次回は、上記作品群の中からいくつか気になったものを取り上げて、少々考察してみることにいたします。

(つづく)

(注1)日本盤ソフトのパッケージや解説等では、なぜか「中条申太郎」となっていますが…。
(注2)「台灣電影筆記」の中條カメラマンのプロフィールには、「手がけた作品は128本ほどある」とありますので、このリストはあくまで作品名が判明したもののみを取り上げています。

4 件のコメント:

leecoo さんのコメント...

せんきち様。お久しぶりです。leecooと申します。
(私を覚えていますでしょうか?)
こちらの鐘申こと中條氏の記事大変興味深く読まさせていただきました。ちなみに太字には何か意味がありますでしょうか?

『少林寺十八銅人』記事も面白いですね。
82年版ではなくてオリジナルの75年版『少林寺十八銅人』では3人のカメラマンの名前があります。(もう一人は陳勝堂となっていました)ご参考までに。
なぜ再編集で1人減ったのか分かりませんが・・。

中條氏ってまだご健在なんですかねぇ?

せんきち さんのコメント...

leecoo様

こんにちは。
いつもブログ拝読しております。
太字の件ですが、作品名のそれは「鍾申」名義で撮っていることがわかっているものに用いています。

カメラマンの名前、ご教示ありがとうございます。
香港盤のDVDを以前観ましたが、そちらは3人の名前になっていましたね。

中條氏は、10年ほど前にお亡くなりになりました。

leecoo さんのコメント...

せんきち様。こんばんは。レスありがとうございました。

>太字の件ですが、作品名のそれは「鍾申」名義で撮っていることがわかっているものに用いています。
そうでしたか。了解しました。
例えば『旋風十八騎』なんかだと本名の松井五三名義なんですね。

あと、71~74年って間が開き過ぎてますよね、
とりあえず72年の『單刀赴會』は鍾伸でした。
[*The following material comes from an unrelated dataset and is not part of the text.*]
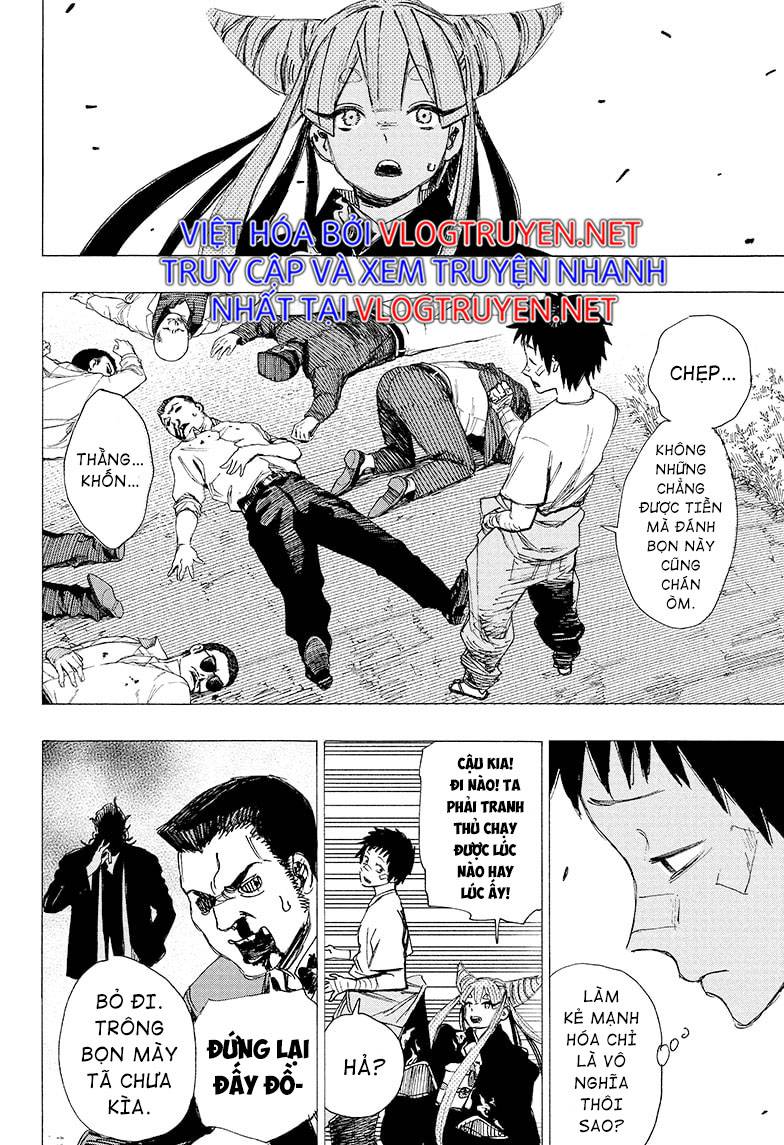 maruo và urara - yêu ma tranh bá chapter 0 15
(微妙に異なりますが。まだ他にもあるかと・・)これは郭監督ですね。

>香港盤のDVDを以前観ましたが、そちらは3人の名前になっていましたね。
香港盤には記載されていましたか。(どうも失礼しました)
あの国内ビデオなんなんでしょ。字が小さ過ぎますよね~。

>中條氏は、10年ほど前にお亡くなりになりました
本当ですか、知らなかったです。とても残念に思います。


これからもせんきちさんのブログを楽しみにしております。

せんきち さんのコメント...

leecoo様

こんにちは。

>71~74年って間が開き過ぎてますよね.

おそらく、72年の日台断交による日本人スタッフ・キャストの禁止が影響していると思うのですが。

>とりあえず72年の『單刀赴會』は鍾伸でした。

ありがとうございます。
加えておきます。
ということは、72年から郭監督とのコンビが始まったことになりますね。